Some data generating code

library(rstan)
set.seed(13)

sm <- stan_model("lkj.stan")

N <- 50
D <- 15

y <- data.frame(x1 = rnorm(N))
y[,paste0("x",2:D)] <- y[,1] + matrix(rnorm(N*(D-1), 0, .5), N, D-1)

# Uninformative (High scale value)

cor_guess <- cor(y)
cor_sd <- matrix(10, D,D)

stan_data <- list(N = N,
                  D = D,
                  y = y,
                  cor_guess = cor_guess,
                  cor_sd = cor_sd,
                  just_lkj = FALSE)

sOut_loose <- sampling(sm, stan_data, cores = 4)
means_loose <- summary(sOut_loose, pars = "cor")$summary[,"mean"]

# Make informative
cor_sd <- matrix(.1, D, D)
stan_data$cor_sd <- cor_sd

sOut_tight <- sampling(sm, stan_data, cores = 4)
means_tight <- summary(sOut_tight, pars = "cor")$summary[,"mean"]

# Compare to LKJ
stan_data$just_lkj <- TRUE
sOut_lkj <- sampling(sm, stan_data, cores = 4)
means_lkj <- summary(sOut_lkj, pars = "cor")$summary[,"mean"]

How did we do?

Note that I’m effectively "cheating" here by using the computed correlation matrix as our "prior guess". However, this shows a "best case scenario" where our prior guesses are exactly as observed in the data, plus a bit of uncertainty encoded into the cor_sd matrix.

Below is a plot of cor(y) values (black) and posterior means of a uniform LKJ prior (red), uninformed prior (purple), and informed prior (blue). The informed prior approach generally performed better. Note that they are all still a bit low, but the uninformed and uniform LKJ priors were consistently far away from the cor(y) values, to a startling degree.

Recasting to a cleaner plot below, you can see that the informed approach tended to map onto the estimated correlations much better. The black line indicates a perfect mapping. The informed approach still has downward bias, but that is nothing compared to the bias seen in the uninformed and LKJ priors.

Summary

The LKJ is extremely popular in Stan and other similar samplers. However, due to the PSD constraint, the posterior mass of high-dimensional correlation matrices tends to be around identity, and high correlations are difficult to accurately estimate. Coupling the PSD constraint with additional prior information can attenuate this problem. The low volume of PSD solutions is matched with greater density, leading to more mass near the high correlation solutions.
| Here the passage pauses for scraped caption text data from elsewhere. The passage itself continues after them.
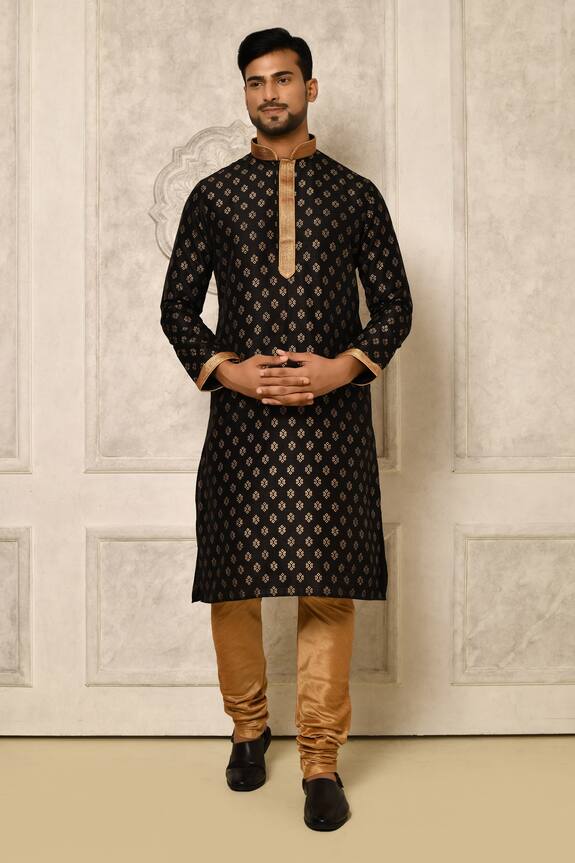 Naintara Bajaj Geometric Pattern Kurta & Pyjama Set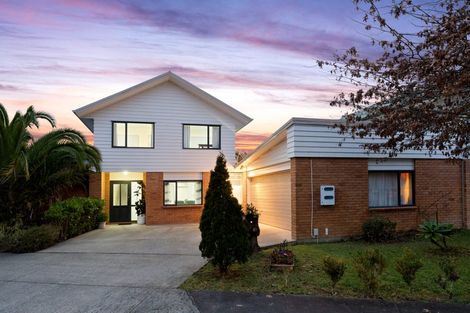 Photo of property in 13 Pyramid Place, Glen Eden, Auckland, 0602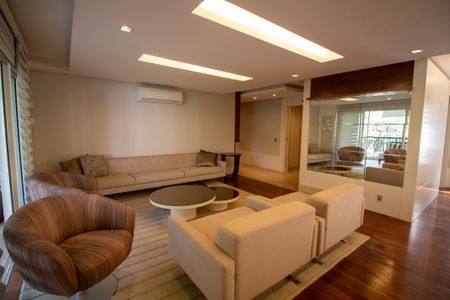 Apartamento à venda com 337m², 3 quartos e 4 vagasSala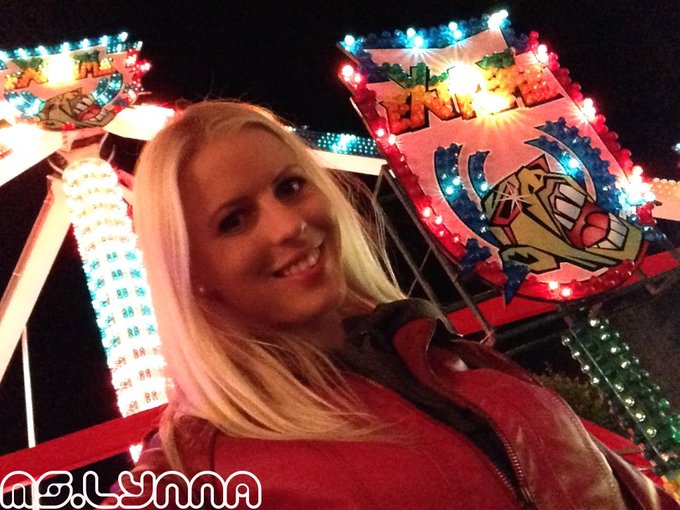 Weekend with family and friends :-) Will be back on Monday :-* https://t.co/NpcVA0e9f5<a href="/tag/liveshow"class="tags"><span>#liveshow</span></a><a href="/tag/befana"class="tags"><span>#befana</span></a>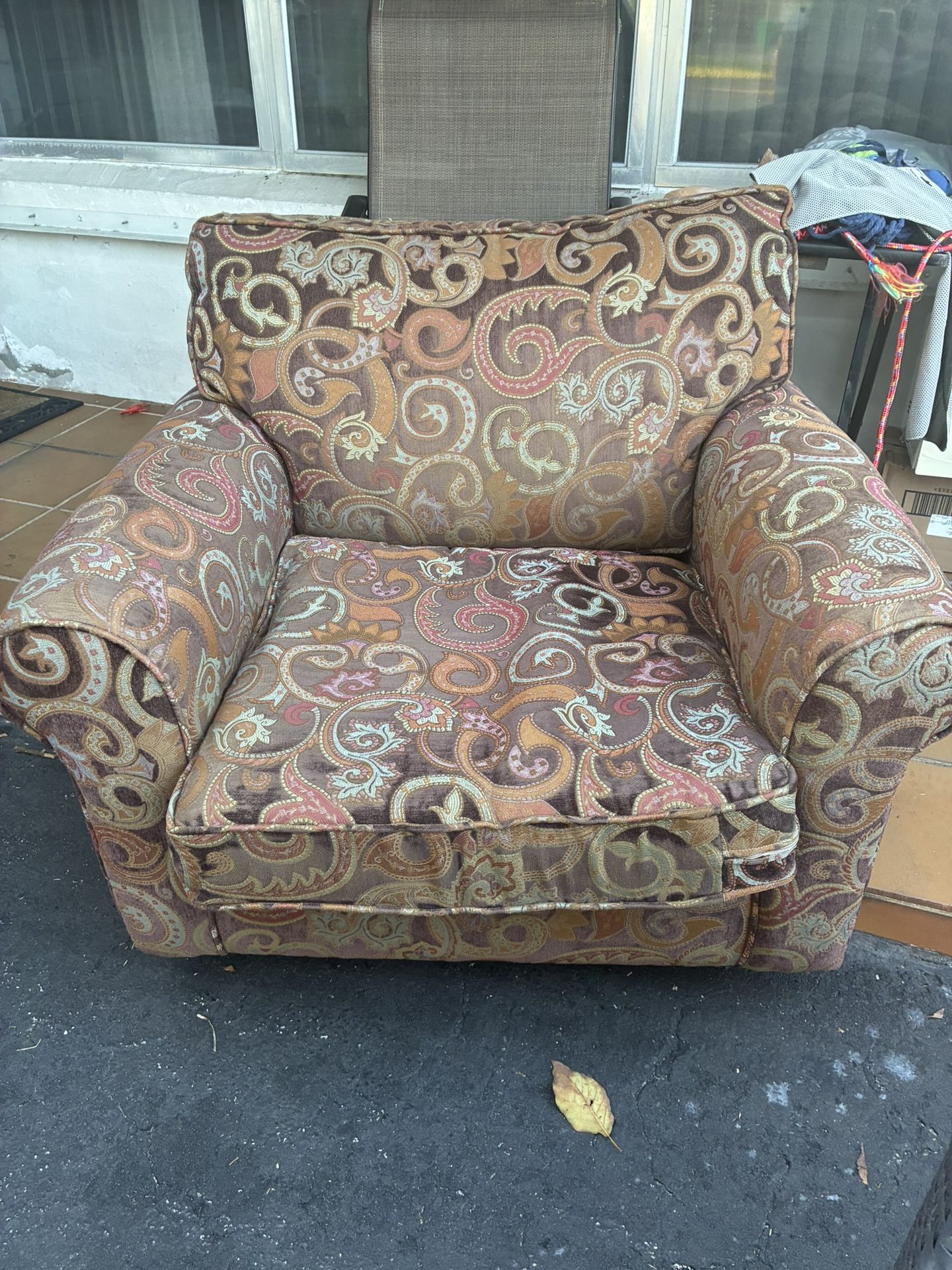 Accent Chair In Excellent Condition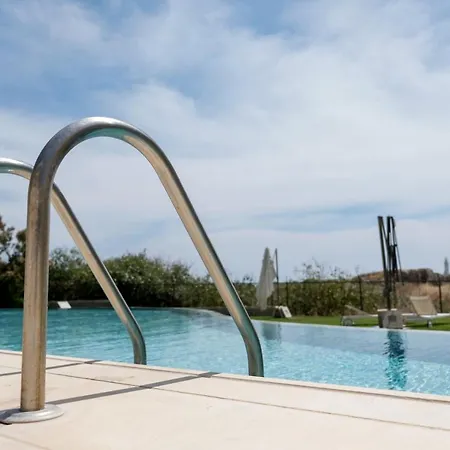 Lighthouse Luxury Holiday Townhouse * Πάφος
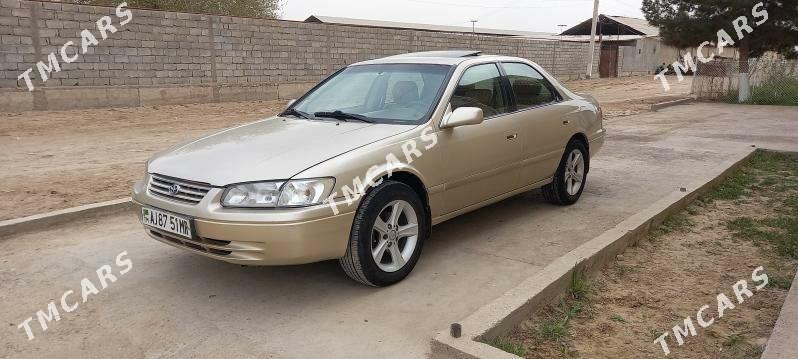 Toyota Camry 1999 - 126 000 TMT - Байрамали - img 2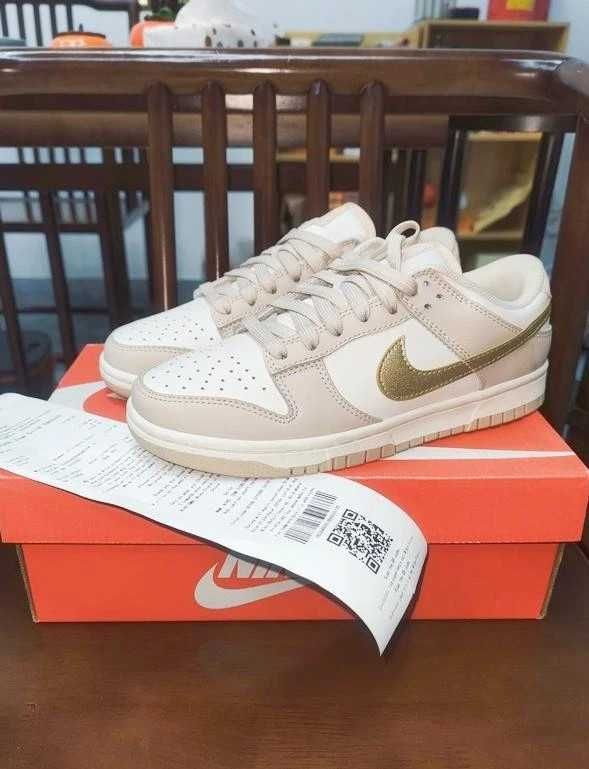 Nike Dunk Gold Low Blanc Swoosh 37,5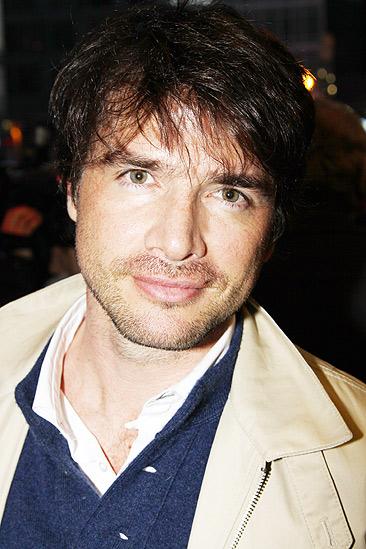 Red opening – Matthew Settle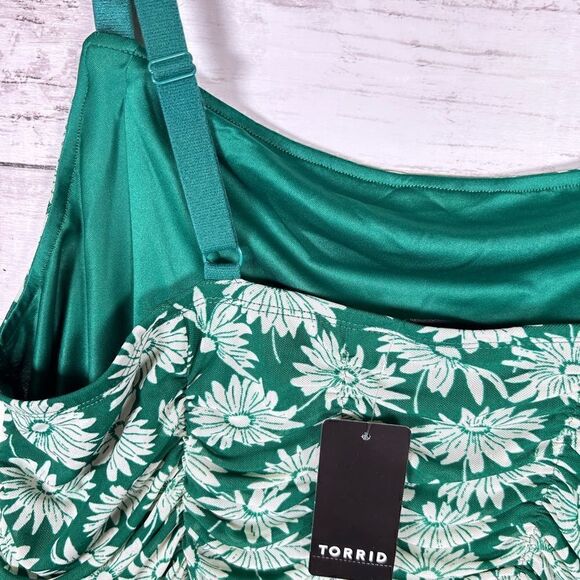Torrid Floral Stretch Mesh Cropped Shirred Cami Tank Green Top NEW W/Tag - Picture 3 of 6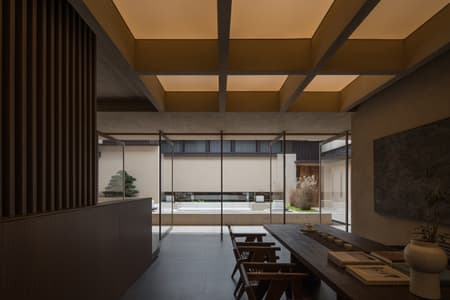 Younch Hotel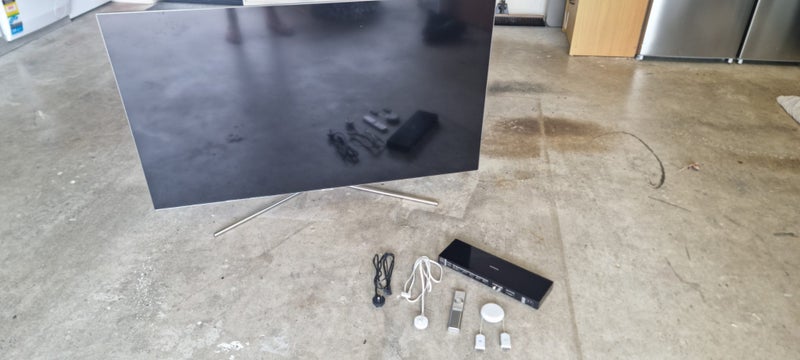 Samsung 55" QA55Q7F - NOT WORKING Carousel 1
In retrospect, this is an obvious solution to an annoying problem. I think the reason it was not obvious before, is due to the way PPLs express priors. When one says a ~ p(), one assumes (rightfully so) that a is generated from p(). This makes joint priors unintuitive. With something like Stan, writing a ~ p(); a ~ p_2() implies a joint probability contribution, not a "simulation" statement. Similarly, one can say a ~ p(); f(a) ~ p_2(). This all translates to joint statements, not generative ones. As a downside, this also means it is difficult to generate random variables from the joint prior.

Future work could improve this method. I used a Normal kernel to contribute more density to the desired regions. While this is fine for unnormalized, proportional distributions, one would need to account for the (-1,1) constraint for each element — This requires a (potentially) costly set of CDF divisions to normalize the contribution. For Stan this isn’t an issue, because those statements would be constants, and constants are irrelevant for the proportional densities that MCMC needs.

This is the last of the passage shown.